Raymond Hettinger wrote:
Motivation:
Provide a simple, non-locale aware way to format a number
with a thousands separator.
Adding thousands separators is one of the simplest ways to
improve the professional appearance and readability of
output exposed to end users.
In the finance world, output with commas is the norm. Finance
users
and non-professional programmers find the locale approach to be
frustrating, arcane and non-obvious.
It is not the goal to replace locale or to accommodate every
possible convention. The goal is to make a common task easier
for many users.
Raymod, I think there are several problems with the Motivations:
> The goal is to make a common task easier
> for many users.
Common task, for most people, means formatting numbers to the locale. We
should make converting numbers to locale easier to use, as easy as
calling a magic function that can convert the current object to the
locale representation or as simple as defining locale ID in the mini
language. This proposal, I believe, is for the _less_ common task of
formatting a number to a custom format not generally used anywhere else
in the world (like formatting a number to form an ipv6 address or
formatting a number to html/TeX code[1]).

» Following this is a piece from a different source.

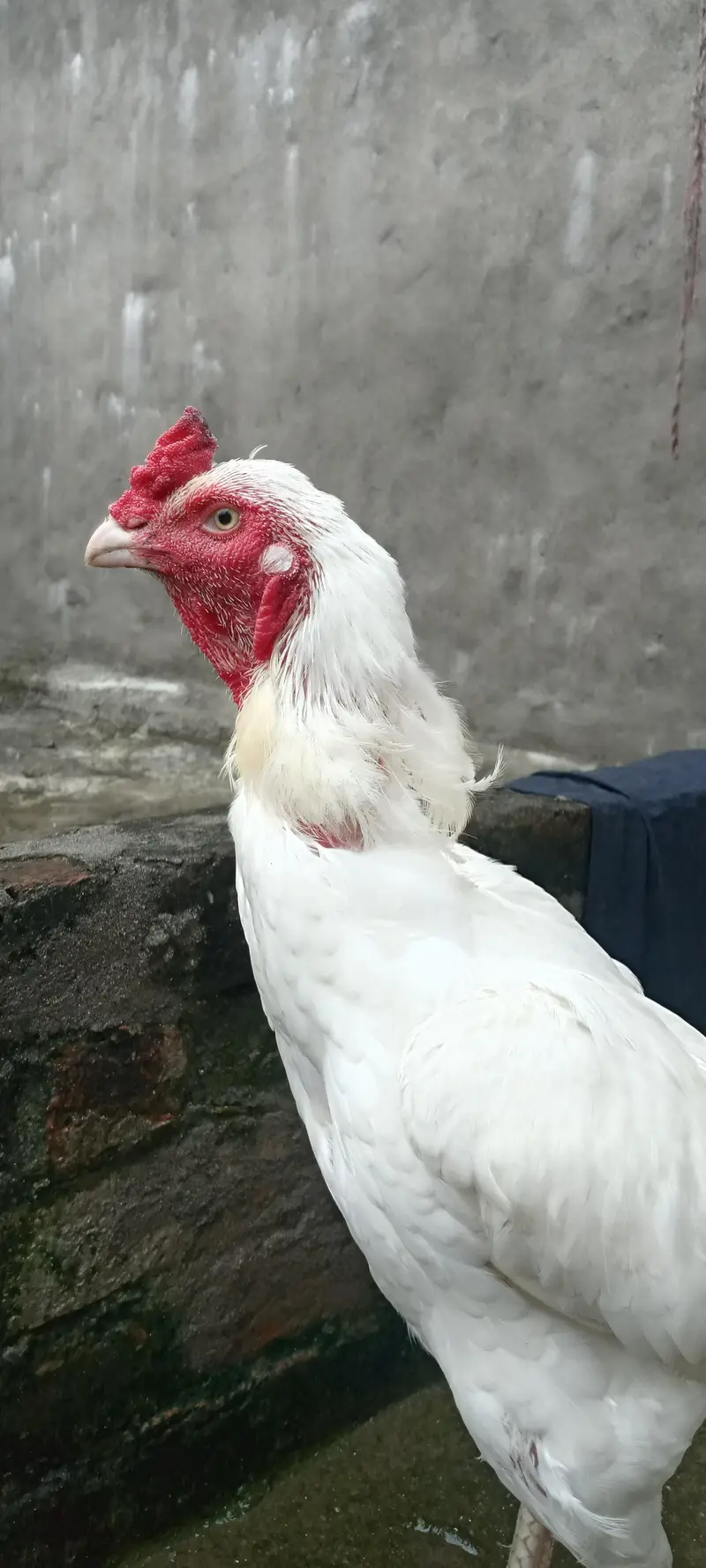 pepper white — photo 2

[1] I know one mathematic textbook that uses superscript negative for
negative number to disambiguate it with minus sign.

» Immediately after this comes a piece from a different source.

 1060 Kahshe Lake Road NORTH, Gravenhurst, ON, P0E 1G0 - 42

> In the finance world, output with commas is the norm.
I can't cite any source, but I am skeptical with that. And how about
non-finance world? Scientific world? Pure math world?
> Provide a simple, non-locale aware way to format a number
> with a thousands separator.
Many have pointed out, locale is hard to use, this is easier approach
but pity it is not locale aware. If we want to provide a non-locale
aware formatting, we must make it flexible enough to make it the
"Ultimate Formatter". Otherwise it will just be redundant to locale.
> Adding thousands separators is one of the simplest ways to
> improve the professional appearance and readability of
> output exposed to end users.
There are infinitely many approach to numbers. One Singaporean text book
uses half-width space as thousand separator. One Autralian text book
uses superscript minus for negative numbers (which I believe would
require more than Unicode to represent, TeX or PDF perhaps). The
accounting world sometimes uses colors and parentheses to denote
negative numbers (this requires emmiting codes for the layout program:
HTML, TeX, PDF)
Anything less powerful than my proposed "Crossing Mayan line" is just a
harder alternative for locale module.